A last-minute settlement to avoid a trial exposing Manning to testifying on the witness stand remains a possibility.
The Giants and sports collectibles company Steiner Sports, which has long sold Manning’s game-used paraphernalia, also are listed as defendants in the 4-year-old memorabilia fraud lawsuit.
The Giants are accused of not doing anything when first told of fraudulent Manning memorabilia making its way to Steiner years ago. The witness list also includes Giants co-owner John Mara and Brandon Steiner, the CEO of Steiner Sports.
The lawsuit was filed in January 2014 by sports memorabilia entrepreneur Eric Inselberg and has since been amended to include collectors Michael Jakab and Sean Godown.
Attorneys for Manning, the Giants, Steiner Sports and the three memorabilia collectors who filed the lawsuit either declined to comment or did not return messages seeking comment.
Manning has said he’s done nothing wrong. It will be up to the jury to decide what he meant when he emailed a Giants equipment manager in 2010 asking for two helmets that “can pass as game-used.”
Manning’s contract with Steiner calls for him to provide two game-used helmets to sell to the public, according to court documents.
Manning testified during his deposition in August 2017 that he wasn’t asking for fake helmets when he wrote that email.
Instead, according to a transcript of the deposition obtained by Newsday, Manning said that using the phrase “pass as” was his way of requesting his game-used helmets in writing.
“I believe I am asking for two game-used helmets,” he said. “I believe I’m asking for two helmets that can satisfy as being game-used — satisfy the requirement of being game-used.”
Steiner testified in his deposition, portions of which also were obtained by Newsday, that Manning denied the accusations to him and that he believes Manning.
New Jersey lawyers not involved with this case say Manning faces an uphill battle in court because New Jersey has one of the strictest consumer fraud acts in the country — far tougher than New York’s, for example.

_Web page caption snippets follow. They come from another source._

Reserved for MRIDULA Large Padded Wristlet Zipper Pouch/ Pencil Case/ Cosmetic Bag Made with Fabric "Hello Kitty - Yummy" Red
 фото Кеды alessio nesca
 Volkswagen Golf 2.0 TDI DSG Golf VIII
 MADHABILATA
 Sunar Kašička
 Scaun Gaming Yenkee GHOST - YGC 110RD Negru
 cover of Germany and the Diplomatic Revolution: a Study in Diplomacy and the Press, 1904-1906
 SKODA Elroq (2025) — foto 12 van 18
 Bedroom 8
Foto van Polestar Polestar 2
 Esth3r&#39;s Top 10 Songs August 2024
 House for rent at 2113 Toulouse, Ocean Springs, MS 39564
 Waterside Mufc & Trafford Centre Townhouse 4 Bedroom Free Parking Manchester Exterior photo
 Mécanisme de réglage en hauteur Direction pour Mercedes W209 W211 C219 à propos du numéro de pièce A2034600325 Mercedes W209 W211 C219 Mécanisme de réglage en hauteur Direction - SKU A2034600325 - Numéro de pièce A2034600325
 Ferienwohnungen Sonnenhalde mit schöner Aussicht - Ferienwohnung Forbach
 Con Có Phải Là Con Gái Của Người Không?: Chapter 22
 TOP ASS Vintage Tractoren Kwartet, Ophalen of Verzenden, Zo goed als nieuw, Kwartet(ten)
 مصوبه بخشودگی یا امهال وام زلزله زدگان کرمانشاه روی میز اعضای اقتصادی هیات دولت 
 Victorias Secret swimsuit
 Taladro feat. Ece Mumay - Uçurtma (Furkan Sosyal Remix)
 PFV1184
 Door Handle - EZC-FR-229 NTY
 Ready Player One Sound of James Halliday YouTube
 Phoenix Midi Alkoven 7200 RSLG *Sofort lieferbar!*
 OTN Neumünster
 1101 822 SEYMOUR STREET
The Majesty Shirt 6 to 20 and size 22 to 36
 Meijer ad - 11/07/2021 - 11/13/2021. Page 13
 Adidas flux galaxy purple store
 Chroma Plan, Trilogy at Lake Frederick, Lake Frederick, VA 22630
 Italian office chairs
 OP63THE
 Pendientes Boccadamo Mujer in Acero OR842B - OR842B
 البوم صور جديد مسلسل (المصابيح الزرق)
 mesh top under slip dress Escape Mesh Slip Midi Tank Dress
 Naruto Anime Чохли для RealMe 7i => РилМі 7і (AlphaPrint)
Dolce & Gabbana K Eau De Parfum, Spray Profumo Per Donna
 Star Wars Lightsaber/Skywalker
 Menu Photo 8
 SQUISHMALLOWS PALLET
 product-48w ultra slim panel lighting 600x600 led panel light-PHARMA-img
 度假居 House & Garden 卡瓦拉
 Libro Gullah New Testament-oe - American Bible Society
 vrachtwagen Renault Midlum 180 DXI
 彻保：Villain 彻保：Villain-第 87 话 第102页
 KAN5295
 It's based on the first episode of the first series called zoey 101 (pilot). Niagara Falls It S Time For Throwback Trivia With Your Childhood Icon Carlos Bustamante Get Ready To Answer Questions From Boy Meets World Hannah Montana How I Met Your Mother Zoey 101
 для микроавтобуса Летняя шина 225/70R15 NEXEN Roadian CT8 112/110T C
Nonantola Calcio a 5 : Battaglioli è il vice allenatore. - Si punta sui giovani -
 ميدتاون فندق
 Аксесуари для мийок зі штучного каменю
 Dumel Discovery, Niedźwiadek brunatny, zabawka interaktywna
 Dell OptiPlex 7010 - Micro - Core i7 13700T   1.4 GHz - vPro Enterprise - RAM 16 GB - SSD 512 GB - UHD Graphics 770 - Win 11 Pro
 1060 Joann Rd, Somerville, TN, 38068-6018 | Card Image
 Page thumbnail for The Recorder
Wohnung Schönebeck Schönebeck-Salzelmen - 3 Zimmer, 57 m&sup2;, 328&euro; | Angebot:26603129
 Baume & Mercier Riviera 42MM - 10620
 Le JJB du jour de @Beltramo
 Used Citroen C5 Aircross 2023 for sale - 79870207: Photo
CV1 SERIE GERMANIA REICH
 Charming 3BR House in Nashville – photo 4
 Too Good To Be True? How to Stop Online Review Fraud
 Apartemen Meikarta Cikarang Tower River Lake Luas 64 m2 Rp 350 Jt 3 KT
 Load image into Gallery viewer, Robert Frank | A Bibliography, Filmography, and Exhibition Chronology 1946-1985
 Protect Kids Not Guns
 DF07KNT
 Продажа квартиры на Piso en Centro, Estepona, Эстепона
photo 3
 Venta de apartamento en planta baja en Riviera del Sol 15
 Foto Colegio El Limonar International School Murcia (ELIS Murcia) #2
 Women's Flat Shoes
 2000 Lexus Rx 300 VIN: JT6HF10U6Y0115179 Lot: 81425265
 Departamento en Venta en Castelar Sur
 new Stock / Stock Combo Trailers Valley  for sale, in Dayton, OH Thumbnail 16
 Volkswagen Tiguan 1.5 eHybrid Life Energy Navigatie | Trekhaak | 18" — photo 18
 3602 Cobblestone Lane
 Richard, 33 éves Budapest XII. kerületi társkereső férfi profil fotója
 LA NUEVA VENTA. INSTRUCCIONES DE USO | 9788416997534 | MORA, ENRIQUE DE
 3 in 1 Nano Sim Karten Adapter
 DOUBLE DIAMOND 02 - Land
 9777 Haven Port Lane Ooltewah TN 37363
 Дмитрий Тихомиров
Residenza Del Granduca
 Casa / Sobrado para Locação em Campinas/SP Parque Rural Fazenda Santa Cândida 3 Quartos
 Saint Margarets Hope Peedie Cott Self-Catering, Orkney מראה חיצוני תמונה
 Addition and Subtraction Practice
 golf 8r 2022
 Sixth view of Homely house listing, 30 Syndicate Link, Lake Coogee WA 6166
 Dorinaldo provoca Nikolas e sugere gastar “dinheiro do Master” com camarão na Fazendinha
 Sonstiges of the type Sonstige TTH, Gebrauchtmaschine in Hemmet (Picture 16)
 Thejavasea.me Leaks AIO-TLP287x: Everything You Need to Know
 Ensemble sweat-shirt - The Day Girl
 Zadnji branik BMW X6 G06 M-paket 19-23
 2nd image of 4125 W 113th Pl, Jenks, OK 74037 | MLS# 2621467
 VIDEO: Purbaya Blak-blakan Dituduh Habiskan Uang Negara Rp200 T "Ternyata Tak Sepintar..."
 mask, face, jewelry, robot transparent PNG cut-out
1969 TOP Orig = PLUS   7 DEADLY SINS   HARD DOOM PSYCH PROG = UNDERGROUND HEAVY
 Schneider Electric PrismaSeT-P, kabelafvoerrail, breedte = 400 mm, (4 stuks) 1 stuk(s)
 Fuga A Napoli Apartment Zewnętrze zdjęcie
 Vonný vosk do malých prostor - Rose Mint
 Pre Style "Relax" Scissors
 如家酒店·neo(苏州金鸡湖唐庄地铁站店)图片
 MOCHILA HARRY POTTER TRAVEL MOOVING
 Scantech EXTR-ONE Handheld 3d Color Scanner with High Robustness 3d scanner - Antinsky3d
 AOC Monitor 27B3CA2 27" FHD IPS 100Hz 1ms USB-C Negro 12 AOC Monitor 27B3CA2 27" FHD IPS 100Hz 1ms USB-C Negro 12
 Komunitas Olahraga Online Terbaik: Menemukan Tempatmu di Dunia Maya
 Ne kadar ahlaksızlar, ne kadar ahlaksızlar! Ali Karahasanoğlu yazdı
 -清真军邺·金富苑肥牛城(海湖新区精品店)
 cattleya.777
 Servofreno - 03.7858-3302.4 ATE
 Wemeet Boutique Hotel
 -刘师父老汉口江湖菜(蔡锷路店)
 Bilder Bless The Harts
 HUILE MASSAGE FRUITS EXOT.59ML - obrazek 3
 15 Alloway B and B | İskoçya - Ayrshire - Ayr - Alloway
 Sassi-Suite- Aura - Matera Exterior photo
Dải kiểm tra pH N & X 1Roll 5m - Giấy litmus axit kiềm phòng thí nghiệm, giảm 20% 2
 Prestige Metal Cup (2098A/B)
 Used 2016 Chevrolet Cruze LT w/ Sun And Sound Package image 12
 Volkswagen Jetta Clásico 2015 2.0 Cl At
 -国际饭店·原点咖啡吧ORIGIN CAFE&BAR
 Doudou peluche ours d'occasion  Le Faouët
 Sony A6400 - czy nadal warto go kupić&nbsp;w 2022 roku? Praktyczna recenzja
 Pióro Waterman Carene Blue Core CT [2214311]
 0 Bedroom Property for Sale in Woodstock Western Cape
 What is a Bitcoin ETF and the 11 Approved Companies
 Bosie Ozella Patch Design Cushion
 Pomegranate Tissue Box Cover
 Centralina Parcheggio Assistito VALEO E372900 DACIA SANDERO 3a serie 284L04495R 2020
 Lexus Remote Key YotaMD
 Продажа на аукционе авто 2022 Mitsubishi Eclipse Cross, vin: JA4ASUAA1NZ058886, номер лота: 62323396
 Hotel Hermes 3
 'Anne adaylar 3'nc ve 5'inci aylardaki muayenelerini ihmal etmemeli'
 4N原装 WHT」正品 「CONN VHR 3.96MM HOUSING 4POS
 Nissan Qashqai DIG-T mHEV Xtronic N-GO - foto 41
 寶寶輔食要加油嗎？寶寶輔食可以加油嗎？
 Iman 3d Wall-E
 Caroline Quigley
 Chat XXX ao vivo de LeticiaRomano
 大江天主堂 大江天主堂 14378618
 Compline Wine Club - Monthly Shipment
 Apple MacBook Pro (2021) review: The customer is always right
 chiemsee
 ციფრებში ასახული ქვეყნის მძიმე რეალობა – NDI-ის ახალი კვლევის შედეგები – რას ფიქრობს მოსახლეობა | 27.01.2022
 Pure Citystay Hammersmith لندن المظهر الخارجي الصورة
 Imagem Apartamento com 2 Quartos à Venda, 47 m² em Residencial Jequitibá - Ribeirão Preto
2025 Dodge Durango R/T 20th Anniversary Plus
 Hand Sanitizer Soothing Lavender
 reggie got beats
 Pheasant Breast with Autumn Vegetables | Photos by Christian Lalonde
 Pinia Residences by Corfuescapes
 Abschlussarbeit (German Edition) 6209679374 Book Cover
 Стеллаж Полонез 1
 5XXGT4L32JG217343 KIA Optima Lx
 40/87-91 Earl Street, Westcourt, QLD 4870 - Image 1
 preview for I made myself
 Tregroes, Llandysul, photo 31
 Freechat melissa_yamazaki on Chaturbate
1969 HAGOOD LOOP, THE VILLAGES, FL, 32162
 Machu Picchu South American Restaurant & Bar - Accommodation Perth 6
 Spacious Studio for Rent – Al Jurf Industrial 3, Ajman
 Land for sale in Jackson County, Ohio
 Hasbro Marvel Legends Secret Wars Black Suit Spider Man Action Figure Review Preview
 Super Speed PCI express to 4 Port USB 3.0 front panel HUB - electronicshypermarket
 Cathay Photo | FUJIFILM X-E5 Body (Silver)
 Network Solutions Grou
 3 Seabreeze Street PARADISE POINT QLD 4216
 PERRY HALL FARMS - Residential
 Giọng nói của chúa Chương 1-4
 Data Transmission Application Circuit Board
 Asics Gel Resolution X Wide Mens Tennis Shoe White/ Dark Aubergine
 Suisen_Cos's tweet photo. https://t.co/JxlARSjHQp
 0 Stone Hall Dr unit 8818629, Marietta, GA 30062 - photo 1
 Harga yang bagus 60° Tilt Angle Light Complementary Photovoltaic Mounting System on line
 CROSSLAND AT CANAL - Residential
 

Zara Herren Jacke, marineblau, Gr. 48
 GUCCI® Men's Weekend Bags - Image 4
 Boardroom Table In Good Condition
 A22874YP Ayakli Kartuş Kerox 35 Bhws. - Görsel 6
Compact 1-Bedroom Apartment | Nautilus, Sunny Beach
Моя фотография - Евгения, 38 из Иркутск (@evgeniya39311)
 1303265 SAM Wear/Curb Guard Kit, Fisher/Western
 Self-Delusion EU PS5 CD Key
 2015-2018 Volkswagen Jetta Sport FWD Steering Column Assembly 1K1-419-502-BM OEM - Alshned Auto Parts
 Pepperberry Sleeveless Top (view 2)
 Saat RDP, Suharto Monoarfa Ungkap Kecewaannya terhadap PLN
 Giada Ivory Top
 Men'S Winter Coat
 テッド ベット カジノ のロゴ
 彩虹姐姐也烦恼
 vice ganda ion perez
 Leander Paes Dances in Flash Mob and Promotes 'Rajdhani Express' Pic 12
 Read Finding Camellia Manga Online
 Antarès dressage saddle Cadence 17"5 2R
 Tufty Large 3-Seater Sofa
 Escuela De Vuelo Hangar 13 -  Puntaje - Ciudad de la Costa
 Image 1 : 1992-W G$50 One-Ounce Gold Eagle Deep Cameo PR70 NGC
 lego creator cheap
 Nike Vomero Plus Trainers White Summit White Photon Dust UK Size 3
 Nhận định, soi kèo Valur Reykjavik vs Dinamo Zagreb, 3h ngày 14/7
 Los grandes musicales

Michael Horn, a Hackensack-based attorney, said convincing a jury that Manning violated the state’s consumer-friendly fraud act “should be a slam dunk” because attorneys have to prove only that Manning was a part of the scheme.
“The jury is usually instructed to use their own common sense in evaluating the evidence,” Horn said.
Manning’s attorneys said in recent court filings that he couldn’t have committed consumer fraud because he is “not a professional seller.” They said his Steiner contract compensates him only for his autographs and that he provided his game-used helmets to Steiner “for no specific compensation.”
A New Jersey attorney, Fort Lee-based Arthur Balsamo, said Manning’s best chance of convincing a jury he did nothing wrong could be with his own words on the witness stand.
Balsamo said Manning’s history as a believable public figure could go a long way in helping him come across as honest and upstanding to the jury.
“He has that demeanor that could give the impression that something like this would be out of character,” Balsamo said. “I know I find it hard to believe Eli Manning was involved in something like this, but who knows? I’m not the judge or jury on that one.”